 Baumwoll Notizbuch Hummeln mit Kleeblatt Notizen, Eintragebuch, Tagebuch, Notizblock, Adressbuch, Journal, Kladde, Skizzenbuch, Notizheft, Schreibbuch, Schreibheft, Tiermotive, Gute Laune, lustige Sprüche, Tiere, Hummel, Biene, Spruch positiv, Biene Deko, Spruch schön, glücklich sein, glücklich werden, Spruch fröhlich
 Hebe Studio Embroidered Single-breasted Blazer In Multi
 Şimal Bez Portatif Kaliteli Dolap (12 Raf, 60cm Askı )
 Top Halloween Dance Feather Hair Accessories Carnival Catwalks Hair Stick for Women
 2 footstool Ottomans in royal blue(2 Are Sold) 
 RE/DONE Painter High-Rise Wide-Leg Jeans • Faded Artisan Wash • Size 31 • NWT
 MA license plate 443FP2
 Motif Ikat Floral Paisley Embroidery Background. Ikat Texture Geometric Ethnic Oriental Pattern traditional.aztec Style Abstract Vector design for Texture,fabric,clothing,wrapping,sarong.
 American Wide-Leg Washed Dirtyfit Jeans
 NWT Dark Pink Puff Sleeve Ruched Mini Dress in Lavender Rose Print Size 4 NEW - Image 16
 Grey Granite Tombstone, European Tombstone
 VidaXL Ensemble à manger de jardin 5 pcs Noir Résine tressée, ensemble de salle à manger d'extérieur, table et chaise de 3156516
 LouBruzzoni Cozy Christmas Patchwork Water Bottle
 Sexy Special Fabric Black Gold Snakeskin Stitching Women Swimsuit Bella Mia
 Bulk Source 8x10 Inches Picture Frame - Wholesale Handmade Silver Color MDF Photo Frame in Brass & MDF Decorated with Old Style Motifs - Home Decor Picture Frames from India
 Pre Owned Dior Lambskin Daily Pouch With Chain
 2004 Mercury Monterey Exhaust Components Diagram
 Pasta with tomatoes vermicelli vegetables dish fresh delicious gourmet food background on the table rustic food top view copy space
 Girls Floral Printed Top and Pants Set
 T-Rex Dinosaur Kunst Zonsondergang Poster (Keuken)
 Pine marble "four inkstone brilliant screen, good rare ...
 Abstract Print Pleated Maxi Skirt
☆ ☆ ☆ ☆
What you have to do » At the line containing "VidaXL Ensemble à", start transcribing exactly, and continue through the last line of the listing. Stop there and add nothing.

Task solution »
 VidaXL Ensemble à manger de jardin 5 pcs Noir Résine tressée, ensemble de salle à manger d'extérieur, table et chaise de 3156516
 LouBruzzoni Cozy Christmas Patchwork Water Bottle
 Sexy Special Fabric Black Gold Snakeskin Stitching Women Swimsuit Bella Mia
 Bulk Source 8x10 Inches Picture Frame - Wholesale Handmade Silver Color MDF Photo Frame in Brass & MDF Decorated with Old Style Motifs - Home Decor Picture Frames from India
 Pre Owned Dior Lambskin Daily Pouch With Chain
 2004 Mercury Monterey Exhaust Components Diagram
 Pasta with tomatoes vermicelli vegetables dish fresh delicious gourmet food background on the table rustic food top view copy space
 Girls Floral Printed Top and Pants Set
 T-Rex Dinosaur Kunst Zonsondergang Poster (Keuken)
 Pine marble "four inkstone brilliant screen, good rare ...
 Abstract Print Pleated Maxi Skirt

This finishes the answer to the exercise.